YOUR GOAL: The needed output is the run of lines below from the one containing "Certified 2023 GMC Yukon Denali image 8" through the one containing "2713 210 Road Property Photo 34", copied exactly and free of pictures.
╭─ LISTED ENTRIES
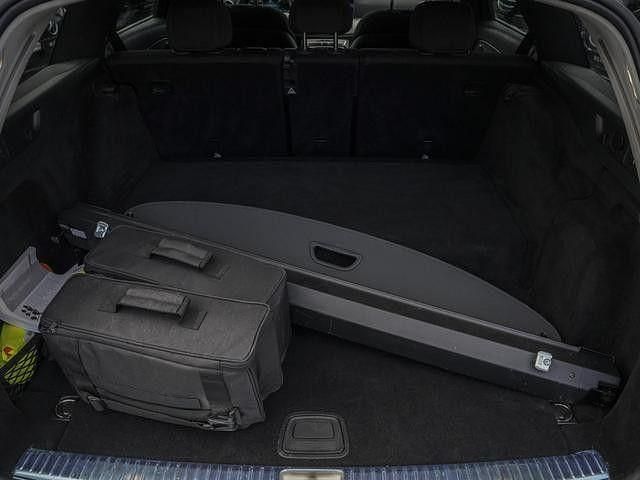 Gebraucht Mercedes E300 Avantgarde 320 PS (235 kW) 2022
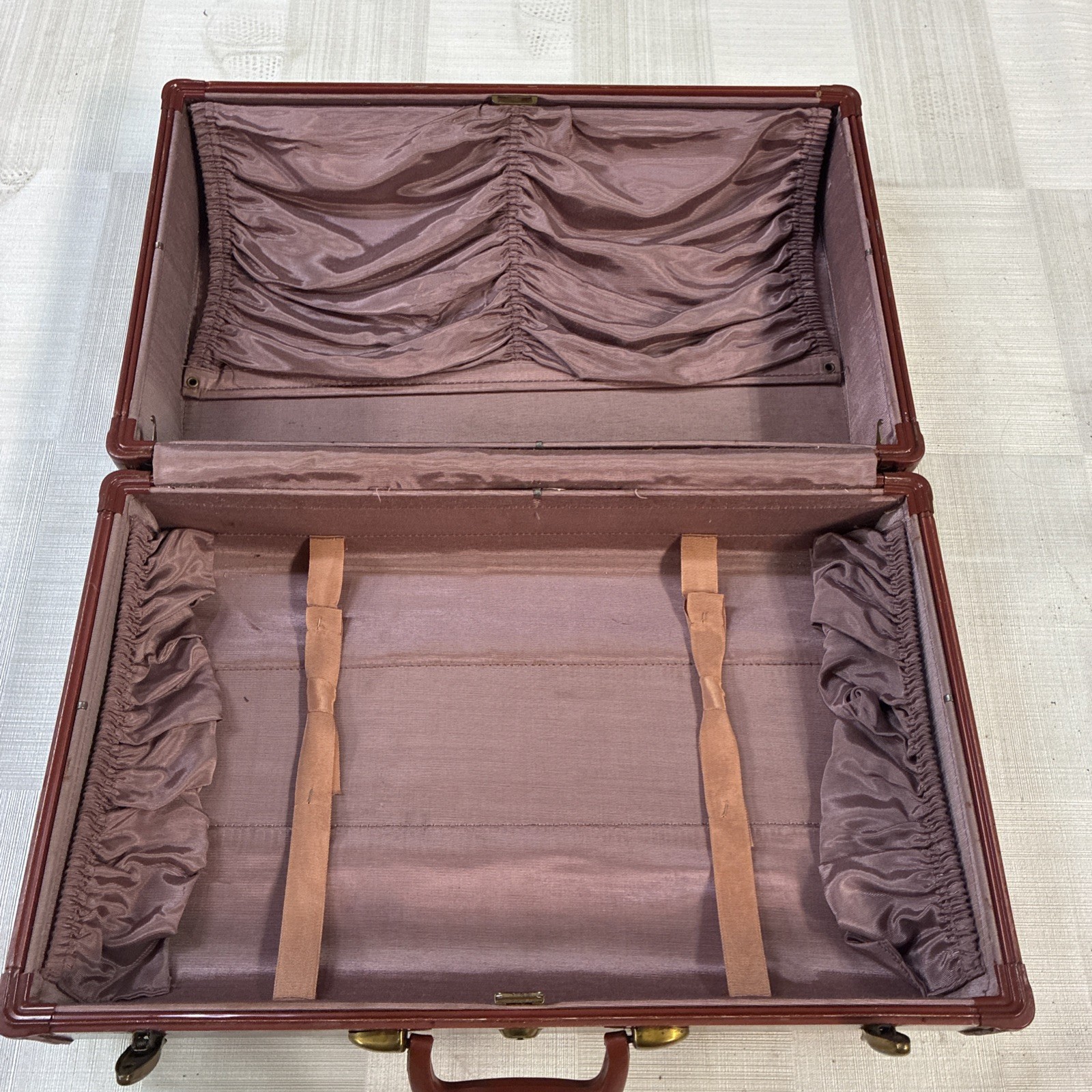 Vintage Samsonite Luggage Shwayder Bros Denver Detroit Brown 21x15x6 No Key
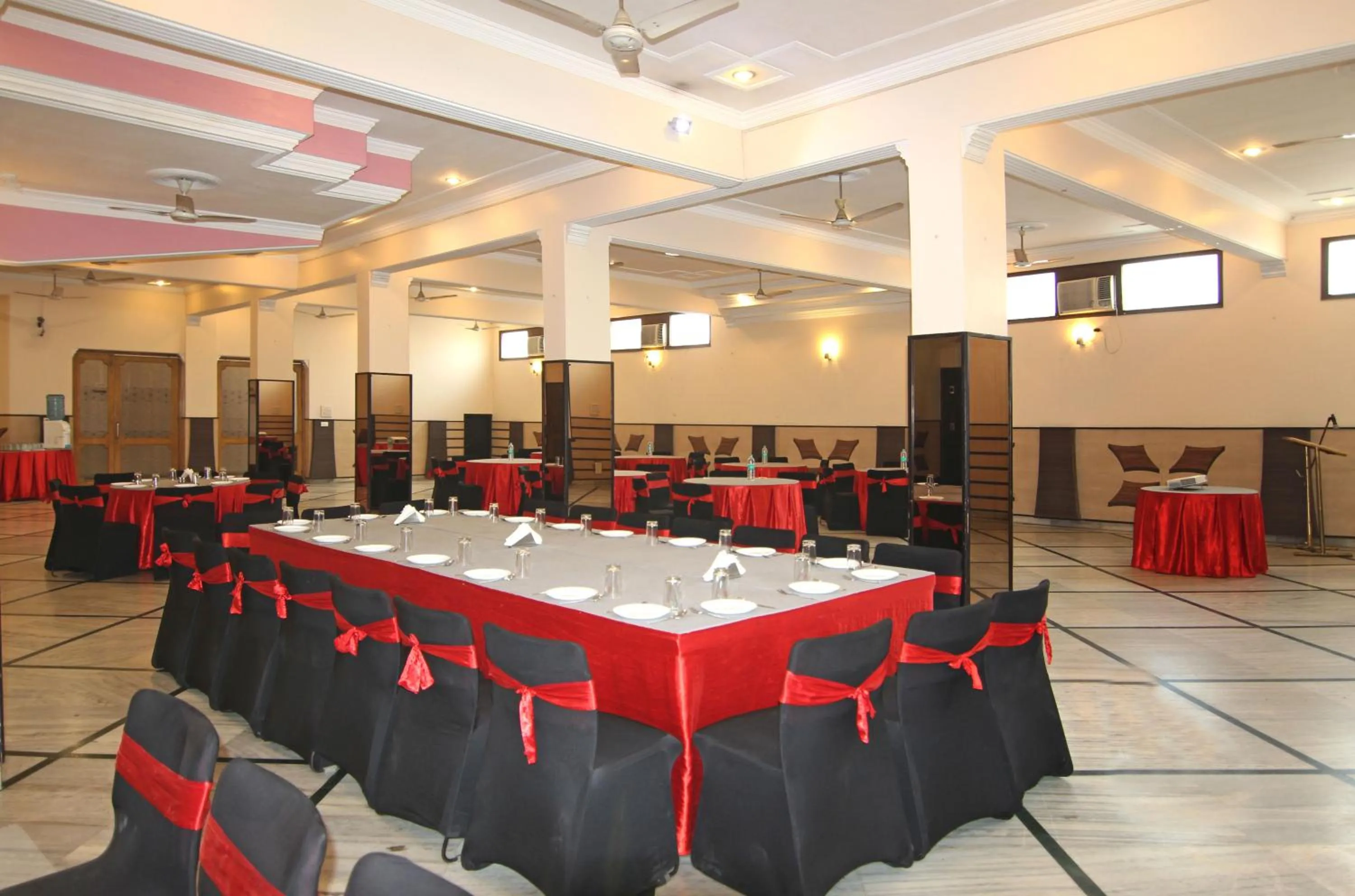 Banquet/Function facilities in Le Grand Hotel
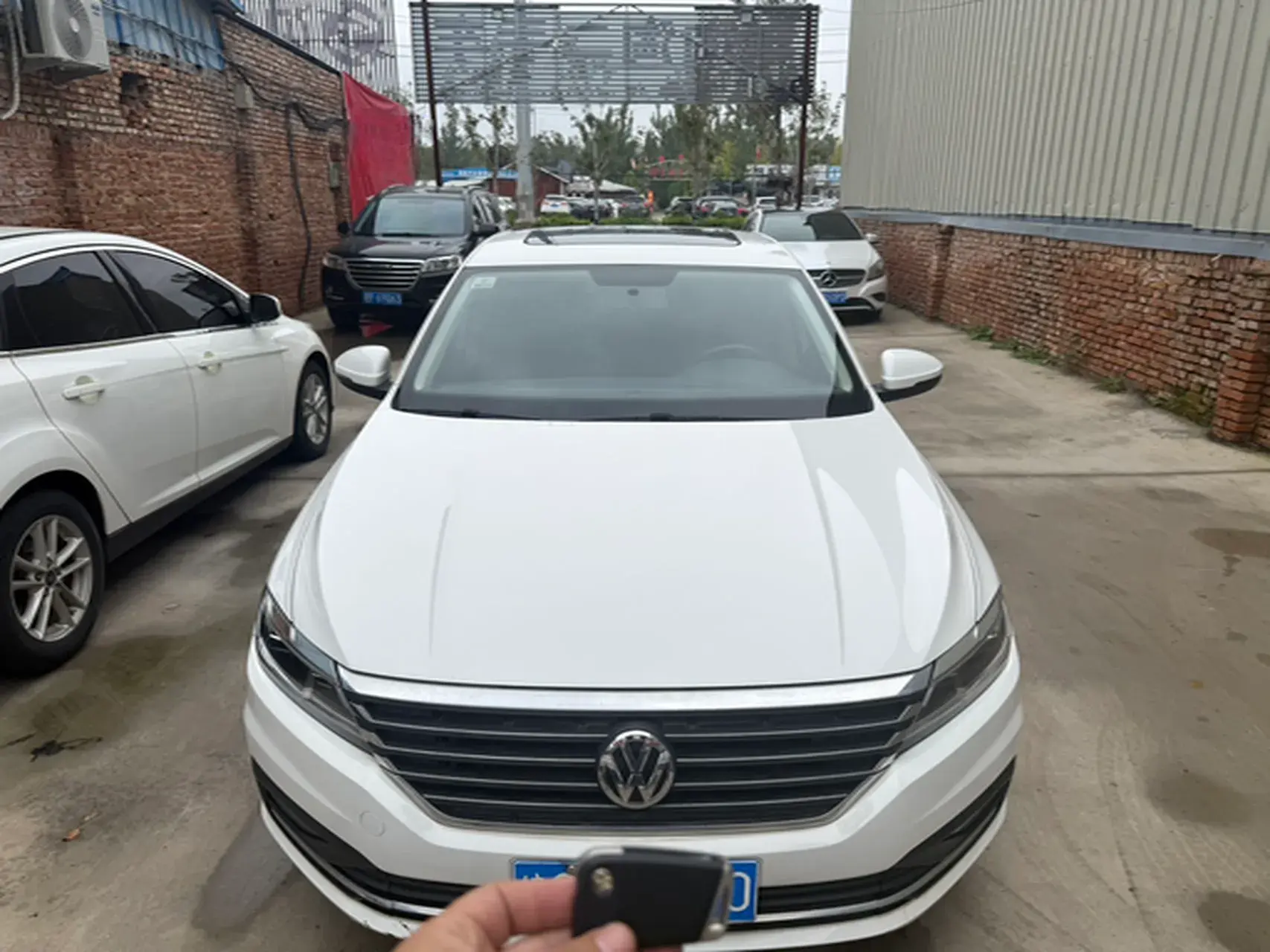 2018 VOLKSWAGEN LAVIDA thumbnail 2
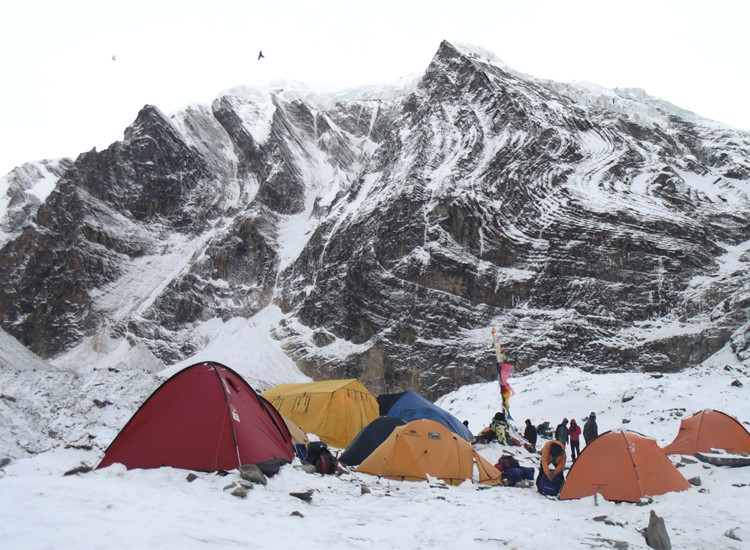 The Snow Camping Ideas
╰─
╭─ LISTED ENTRIES
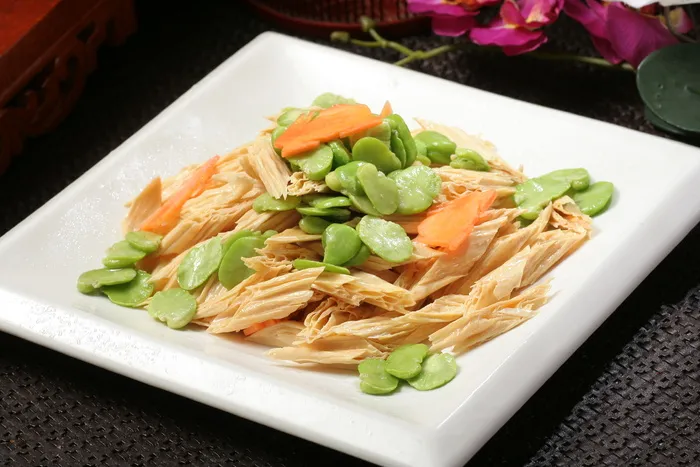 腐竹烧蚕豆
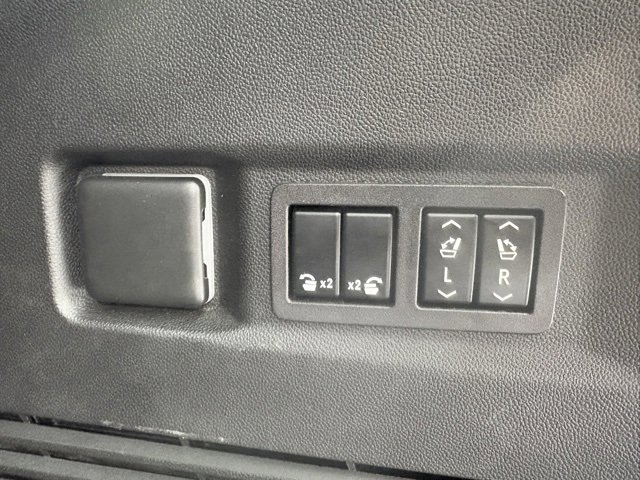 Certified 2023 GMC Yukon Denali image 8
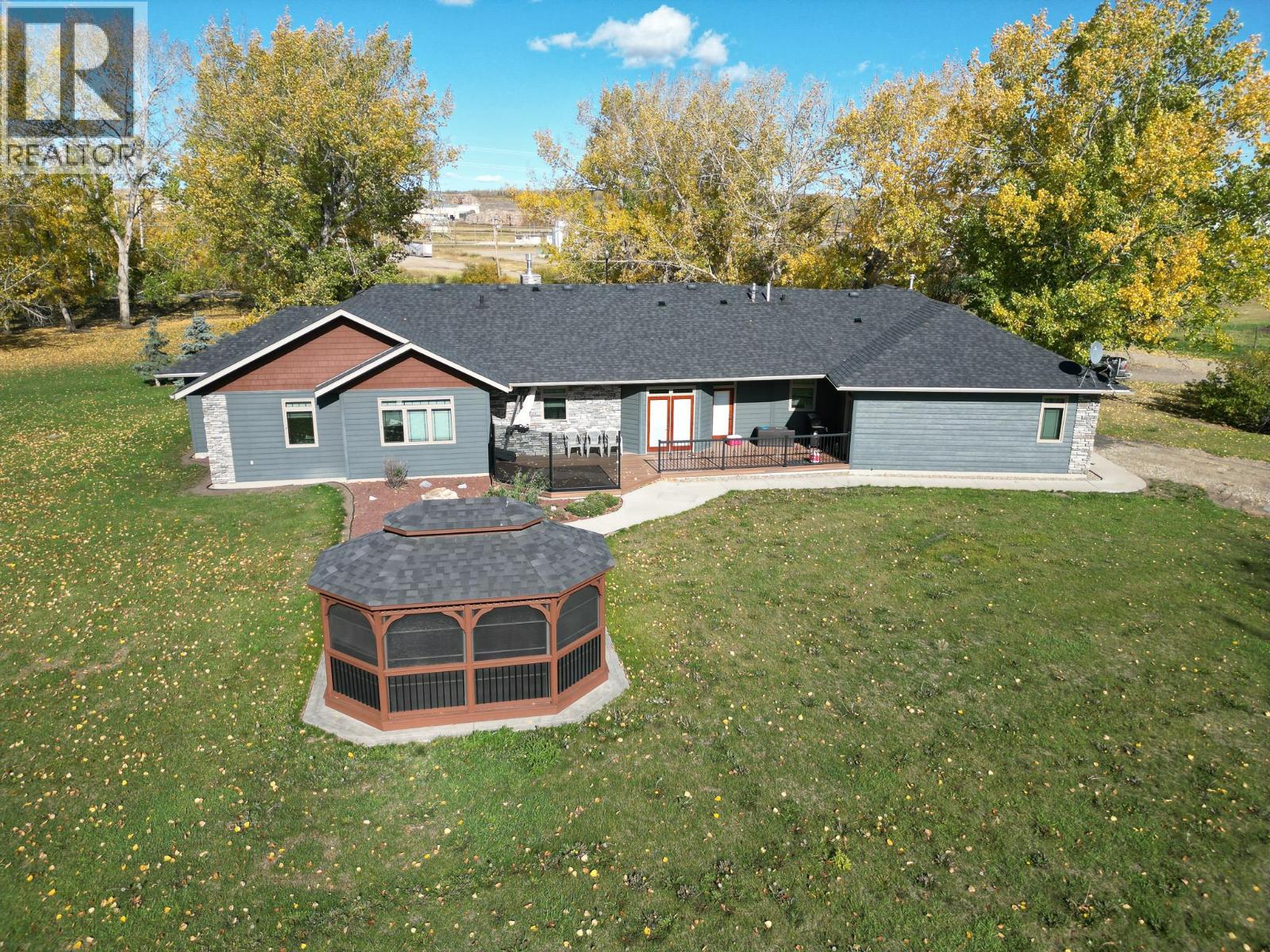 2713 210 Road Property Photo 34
╰─
ANSWER SPACE:
 Certified 2023 GMC Yukon Denali image 8
 2713 210 Road Property Photo 34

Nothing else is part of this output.